Assuming the z-variant data were sufficiently reliable to be useful, then there are a couple of approaches you could use. One would be to use kIICore, since that theoretically flags the most important characters. Otherwise, if you have some z-variants and one is in the Big Five and the others aren't, then the one in the Big Five could be taken as standard for traditional Chinese. You could also use GB0 as the standard for simplified Chinese, or look at the z-variant on the lowest plane in CNS 11643, or something like that.
In the end, however, which one is standard may end up being purely arbitrary.
> In general, how can searching in Chinese text be formalised? It seems that the Chinese characters cannot easily be divided into equivalence classes where one character in the class should find any other character in this class. If I search for 歴 6B74, I also want to find the semantic variant 歷 6B77 (i.e. the standard character) as well as the simplified character 历 5386. However, if I search for 历 5386, I may want to find the semantic variant 厲 53B2 (which is based on Fenn, but not Lau, Matthews or Meyer-Wempe), but definitely not the simplified character 厉 5389. The difference is that there are additional Z-variant connections in the first case.
> Does it make sense to create equivalence classes from the Z-variants?
Not with the data as it stands.
> As an example, the 歷 6B77-class would comprise 歴 6B74, 歷 6B77 and 历 5386 (not counting the compatibility character 歷 F98C), and the 曆 66C6-class would comprise 66A6 and 曆 66C6 (not counting 曆 F98B). In particular, 曆 66C6 would not find 歷 6B77. However, both characters have the same simplified character equivalent.
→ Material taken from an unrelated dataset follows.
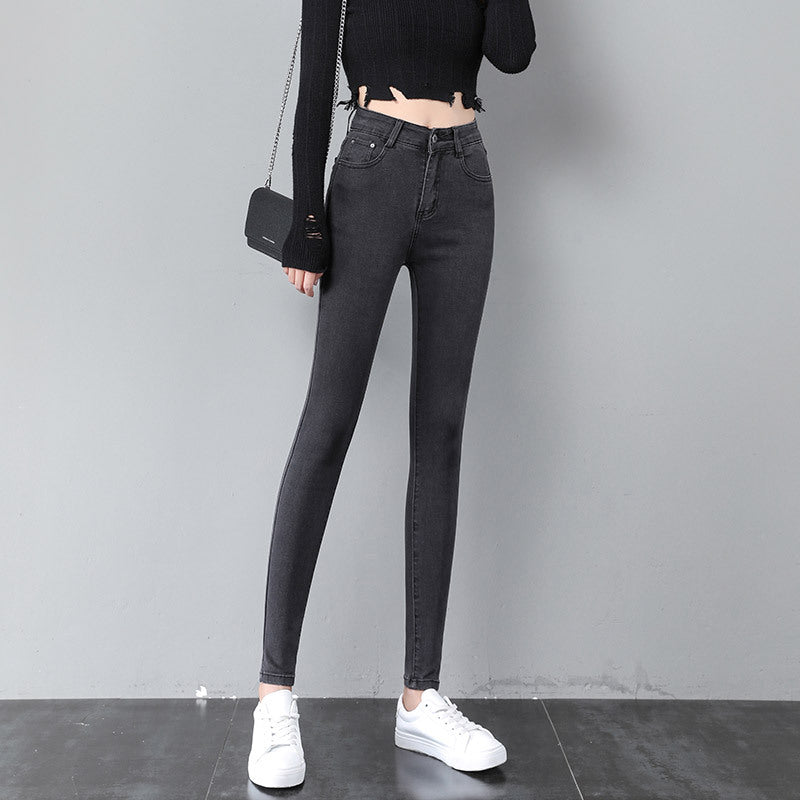 variant image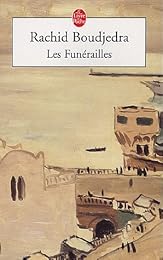 Les  funérailles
Should these classes be unified for searching? Or should it make a difference if I search for a traditional or a simplified character, i.e. searching for 历 5386 finds the 曆 66C6-class as well as the 歷 6B77-class?
> Why is 歴 6B74 a semantic variant of 歷 6B77, but 66A6 is not a semantic variant of 曆 66C6? Is it simply because no dictionary has declared them to be equivalent, even though the respective relationships are obviously the same?
Yes. One thing that makes this whole process even more complicated than it would otherwise be is that different sources make different judgments as to when two characters are variants of each other. At the moment, this is restricted to data from some of the smaller dictionaries. If and when we can get the variant data from one of the larger dictionaries in place (such as the Hanyu Da Zidian or the Kangxi), then an implementer can simply say that they are normalizing to HYDZD or KX and ignore the remaining variant data.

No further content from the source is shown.